▸ **DATA SHOWN**
☆ ☆ ☆ ☆

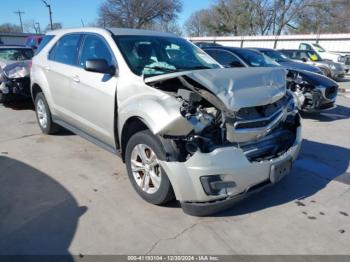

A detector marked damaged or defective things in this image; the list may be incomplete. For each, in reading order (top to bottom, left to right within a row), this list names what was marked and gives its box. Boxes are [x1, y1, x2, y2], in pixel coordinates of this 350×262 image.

front end damage [0, 61, 30, 102]
damaged suv [31, 28, 302, 216]
crumpled hood [145, 67, 288, 111]
front end damage [144, 67, 300, 215]
detached bumper cover [160, 126, 302, 216]
front end damage [288, 68, 340, 111]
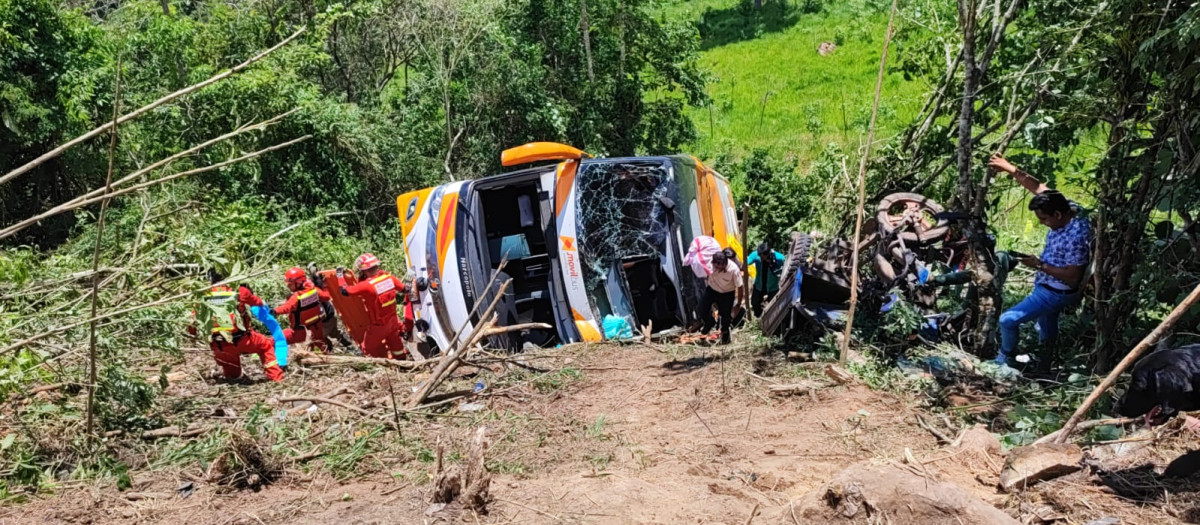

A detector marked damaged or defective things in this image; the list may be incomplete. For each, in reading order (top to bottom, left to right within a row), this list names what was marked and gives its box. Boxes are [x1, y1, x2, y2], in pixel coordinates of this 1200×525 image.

overturned bus [398, 142, 739, 352]
shattered windshield glass [573, 160, 672, 303]
broken wood piece [998, 443, 1084, 491]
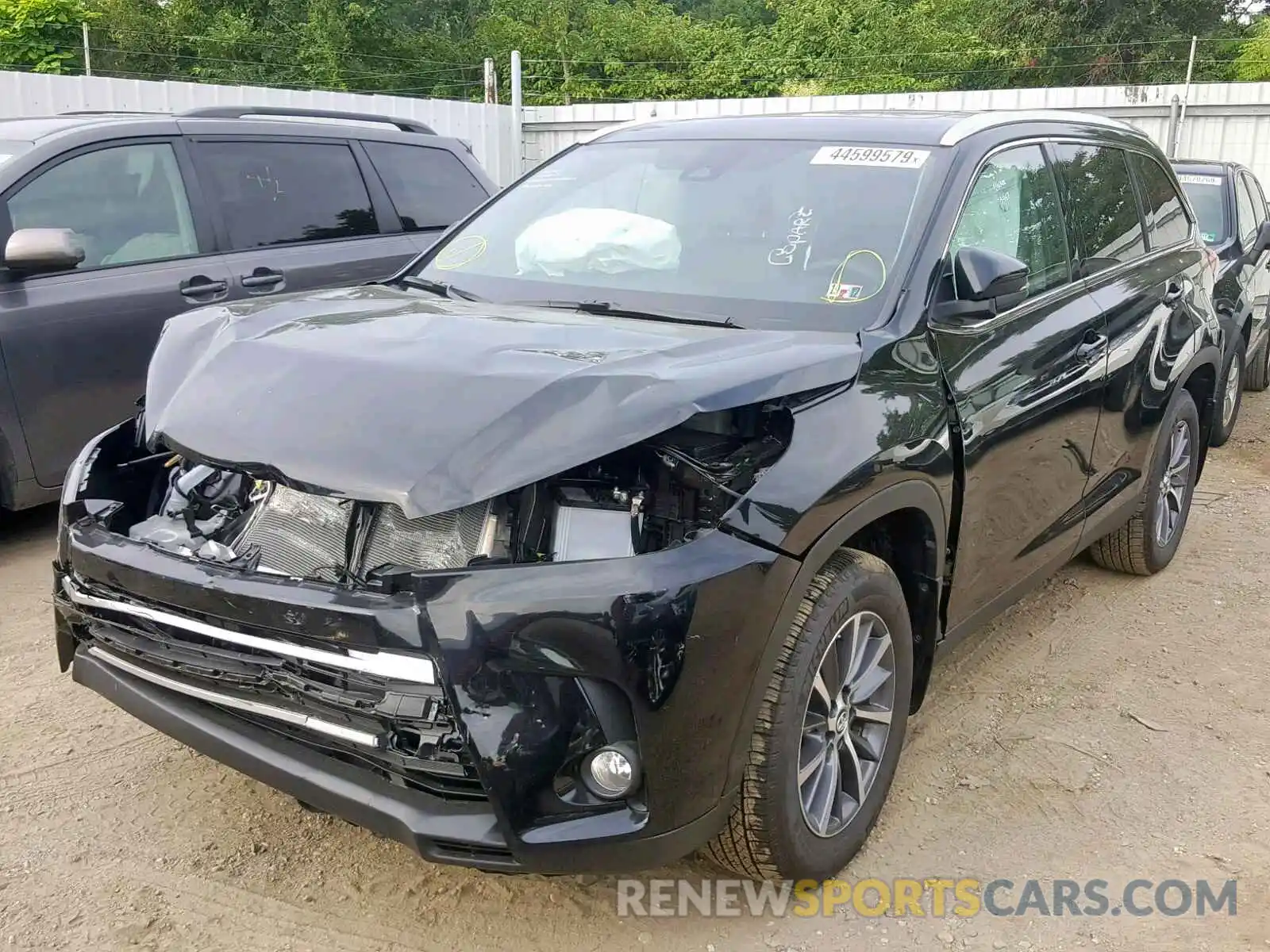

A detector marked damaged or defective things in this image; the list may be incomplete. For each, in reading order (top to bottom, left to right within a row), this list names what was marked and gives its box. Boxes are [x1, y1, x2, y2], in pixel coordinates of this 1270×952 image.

crumpled hood [146, 286, 864, 517]
damaged front bumper [60, 428, 800, 876]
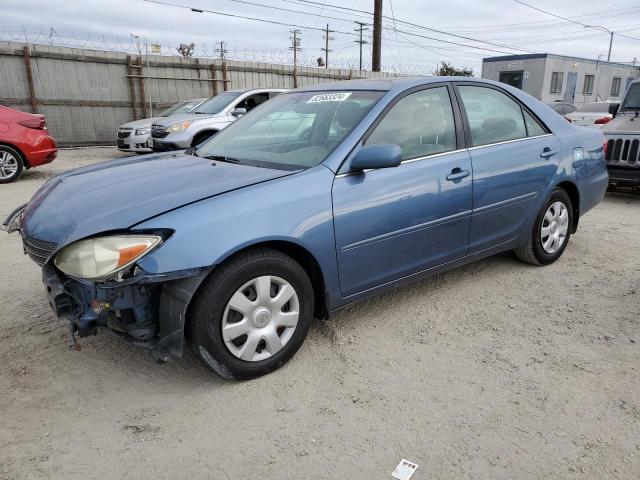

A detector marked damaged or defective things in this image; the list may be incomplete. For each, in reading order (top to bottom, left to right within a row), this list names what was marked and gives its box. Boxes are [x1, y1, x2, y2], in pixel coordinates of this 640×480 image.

front end damage [41, 253, 211, 362]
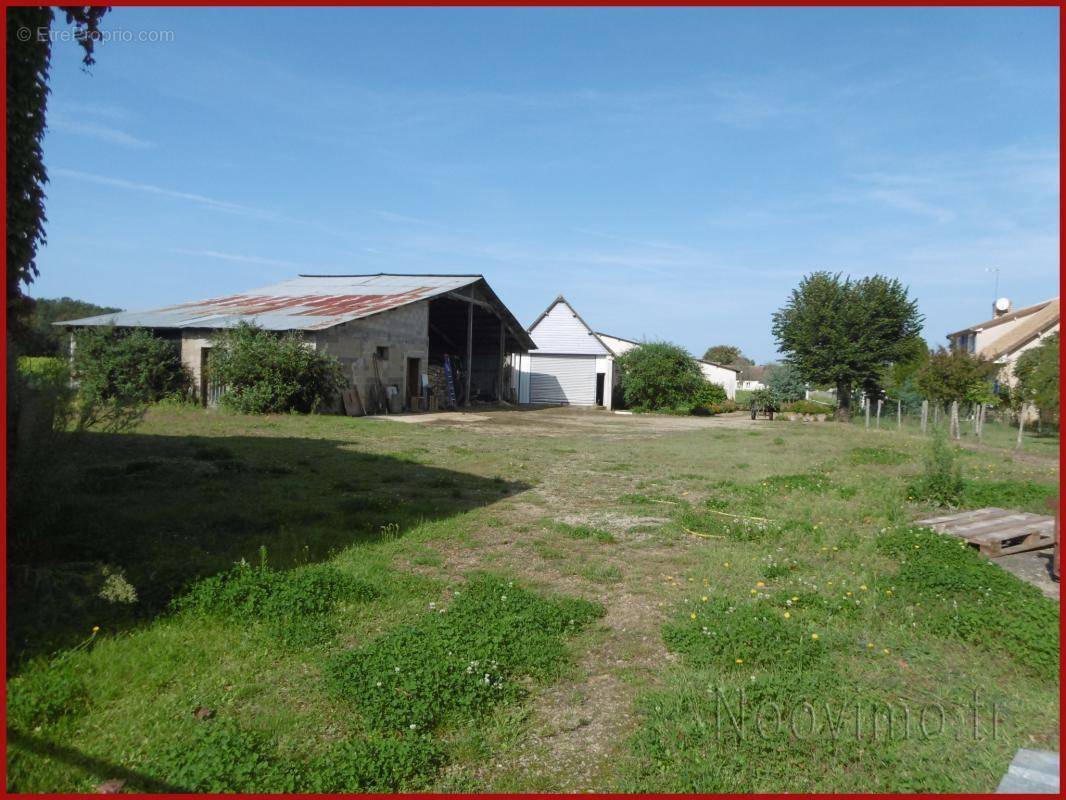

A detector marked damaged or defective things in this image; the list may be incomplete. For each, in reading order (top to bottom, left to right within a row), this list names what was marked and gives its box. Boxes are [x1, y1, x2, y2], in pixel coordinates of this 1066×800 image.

rusty metal barn roof [53, 275, 479, 332]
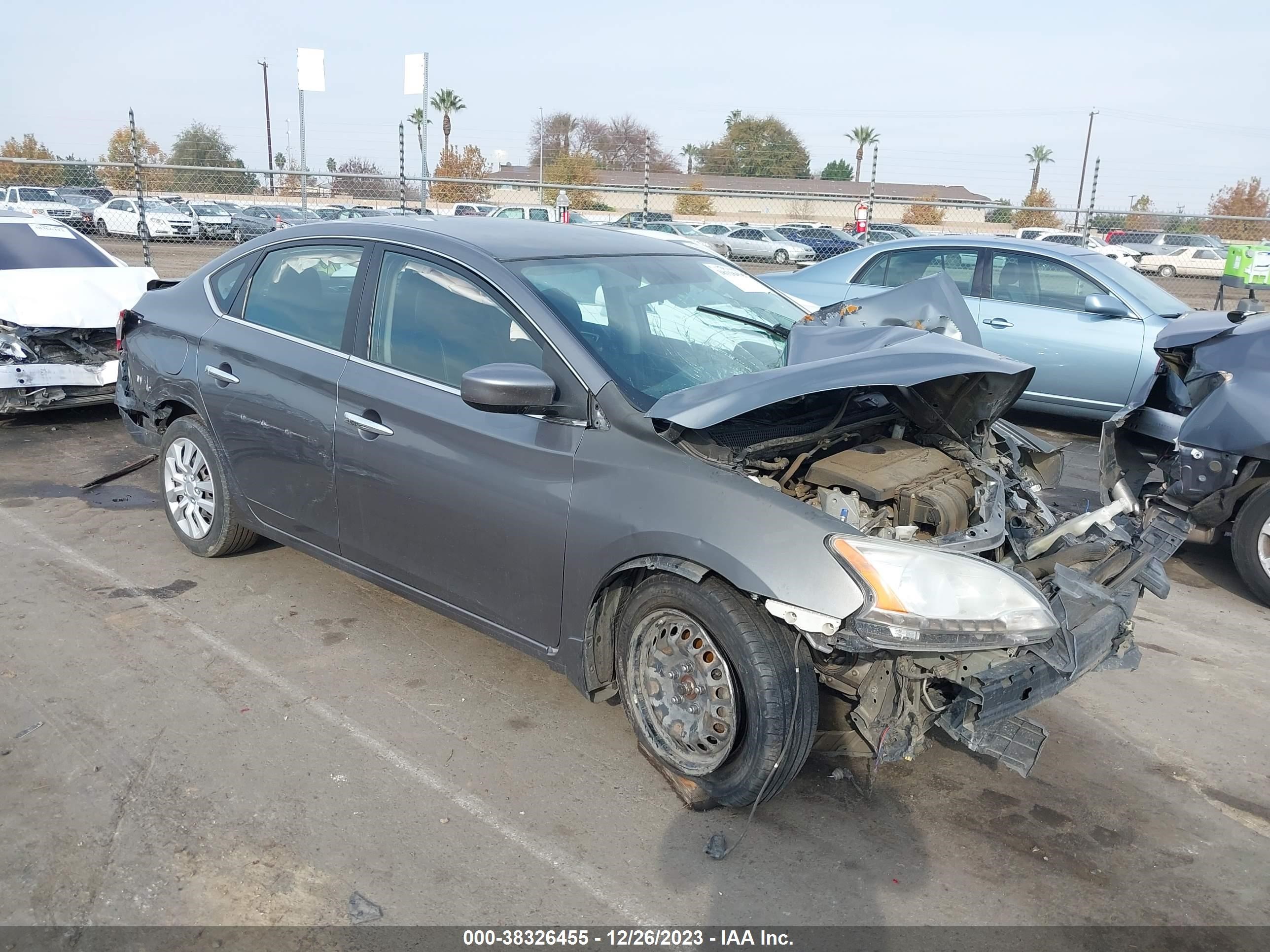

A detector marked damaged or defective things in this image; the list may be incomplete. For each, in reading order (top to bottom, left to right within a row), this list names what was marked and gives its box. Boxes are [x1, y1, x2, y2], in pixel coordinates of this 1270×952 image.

wrecked white car [0, 211, 156, 412]
crumpled hood [0, 266, 158, 329]
cracked windshield [513, 254, 805, 406]
crumpled hood [647, 323, 1033, 438]
damaged gray sedan [114, 220, 1183, 808]
damaged blue sedan [114, 220, 1183, 808]
front-end collision damage [655, 278, 1191, 784]
broken headlight [828, 540, 1057, 650]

☆ ☆ ☆ ☆

▸ **WORK TO BE COMPLETED**
Print the records verbatim, without pictures.

▸ **ANSWER TO THIS PROBLEM**
A detector marked damaged or defective things in this image; the list may be incomplete. For each, in reading order (top to bottom, left to right within a row), this list names what was marked and gives its box. Boxes are [x1, y1, x2, y2], in pixel coordinates of this 350×262 image.

front end damage [0, 61, 30, 102]
damaged suv [31, 28, 302, 216]
crumpled hood [145, 67, 288, 111]
front end damage [144, 67, 300, 215]
detached bumper cover [160, 126, 302, 216]
front end damage [288, 68, 340, 111]

A detector marked damaged or defective things in this image; the list may be incomplete. For each, in reading order (top to bottom, left to right within a row), this list names what was marked and gives its box. Boxes are [x1, y1, x2, y2], in pixel coordinates of this 1200×525 image.

overturned bus [398, 142, 739, 352]
shattered windshield glass [573, 160, 672, 303]
broken wood piece [998, 443, 1084, 491]

A detector marked damaged or defective things in this image; the list may be incomplete. For each, in reading order (top to bottom, left to right within a row), this list names what was marked and gives its box. Boxes are [x1, y1, x2, y2], in pixel coordinates of this 1270×952 image.

crumpled hood [146, 286, 864, 517]
damaged front bumper [60, 428, 800, 876]

A detector marked damaged or defective things in this image; the list may be incomplete. For each, in reading order (top to bottom, left to right within a row), this list names what was marked and gives its box. Boxes are [x1, y1, x2, y2], in pixel coordinates of this 640×480 image.

front end damage [41, 253, 211, 362]

A detector marked damaged or defective things in this image; the list may be incomplete. For each, in reading order (top to bottom, left to right within a row), this list names what was marked and gives its box. Boxes are [x1, y1, x2, y2], in pixel coordinates of this 1066×800 image.

rusty metal barn roof [53, 275, 479, 332]

A detector marked damaged or defective things in this image; the list may be incomplete. For each, in reading order (top to bottom, left to right within a row), this list names what was marked and gives its box. Boxes are [x1, y1, x2, y2], in pixel coordinates of this 1270×952 image.

wrecked white car [0, 211, 156, 412]
crumpled hood [0, 266, 158, 329]
cracked windshield [513, 254, 805, 406]
crumpled hood [647, 323, 1033, 438]
damaged gray sedan [114, 220, 1183, 808]
damaged blue sedan [114, 220, 1183, 808]
front-end collision damage [655, 278, 1191, 784]
broken headlight [828, 540, 1057, 650]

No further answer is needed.